Success – What does it take?
Michael Davis
Davisstories.com
Author of the Year, 2008
Several issues back, I posted three truths about writing. Today I’ll discuss the third, namely: Axiom 3: There’s a mega difference between being a good writer and getting someone to want to publish your work. This will lead us to the central intent of this post: What can we do to improve our changes of success?
Step 1 - First let’s deal with your manuscript. Is it good, I mean really good? Is the assessment based on just your view? If so, you’re making a big mistake. Before you fire off copies to agents/publishers, that story must really be the best that you’re capable of at this point in your writing career. I say that because you will improve with each story. But for your first one, it must be honed to crystal clarity and shine more then the other thousand scripts that will be stacked up on their email pile. Remember, you generally get one shot with a potentially interested party, so don’t blow it.
Step 2 - The query letter. How many sites have you visited where they talk about how good the query must be?. Why. Cause its true! The query letter is the face you present before they venture deeper. Before they get to your synopsis, and then the script, they have to be grabbed by the ______ (fill in a body part you’re comfortable with). This can’t be emphasized enough. I’ll give you an example. On the first book I wrote, I was receiving form letter rejection after rejection. It was frustrating as hell. Then an incident made me ask myself “Is it possible they’re not even getting to the script itself?” I conducted an experiment (remember, my core training is in the engineering/math field). I had my Sons help me redo the query letter (they write also). We spend two months tuning and honing that damn letter, till I have to admit it was GOOD, no it was great. I changed the name of the script and resubmitted to about a dozen agents/publishers that had rejected the first round. Except for two agents, the nature of the responses changed. Each rejection letter was now either a personalize letter or the same form letter but with a hand written note appended to the end. This time, from the comments I knew that they had read the script, and all were quite favorable, still it was rejected, but they were very positive. How can you be positive and not accept a script? Some stated it was not in the genre for which they had contacts. Others noted they were only currently publishing their in house authors, but would be opening up to new talent in about a year, and gave be a direct address circumventing the general submissions process.
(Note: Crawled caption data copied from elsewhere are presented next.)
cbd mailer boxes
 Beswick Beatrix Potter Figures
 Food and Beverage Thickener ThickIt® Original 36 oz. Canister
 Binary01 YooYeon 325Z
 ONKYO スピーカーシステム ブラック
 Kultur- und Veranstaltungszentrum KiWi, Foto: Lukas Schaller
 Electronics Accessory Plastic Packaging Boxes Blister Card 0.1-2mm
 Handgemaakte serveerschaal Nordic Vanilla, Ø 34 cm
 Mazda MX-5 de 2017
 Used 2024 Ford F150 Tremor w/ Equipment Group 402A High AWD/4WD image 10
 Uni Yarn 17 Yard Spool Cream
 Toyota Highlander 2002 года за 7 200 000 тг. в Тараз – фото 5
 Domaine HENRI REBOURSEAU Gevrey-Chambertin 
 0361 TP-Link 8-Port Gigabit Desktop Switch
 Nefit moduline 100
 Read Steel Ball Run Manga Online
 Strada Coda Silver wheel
Point is, the whole nature of the responses changed, not because the script changed, but because I redid the pedicure on the foot I stuck in the door (e.g. the query letter).
Step 3 – the synopsis. You got passed their first filter, now what? Before they spend the time to read the core of your submission (the script), they need to assess if it is worth their effort. Some want a one pager, some two. I start with the two page, then cull back. You don’t want to copy sections from the story, or details about the characters. You want to summarize the plot, the conflicts, the internal struggle, the twists and turns, and the finally (the premise behind the whole story)
I will confess that for me personally, I find creating a great query and synopsis ten times more difficult than writing the script. Trying to condense 90000 words into a few paragraph, catch the essence and set the readers mind on fire with interest, man that’s hard, but it can be done, and it does make a difference.
As always Mike, you write an interesting and thought stimulating post. You nailed the three most important elements to breeching the publishing barriers. This is a competitive industry that demands the best. You, pointed that out, and in doing so, named yourself as one of Champagne's best.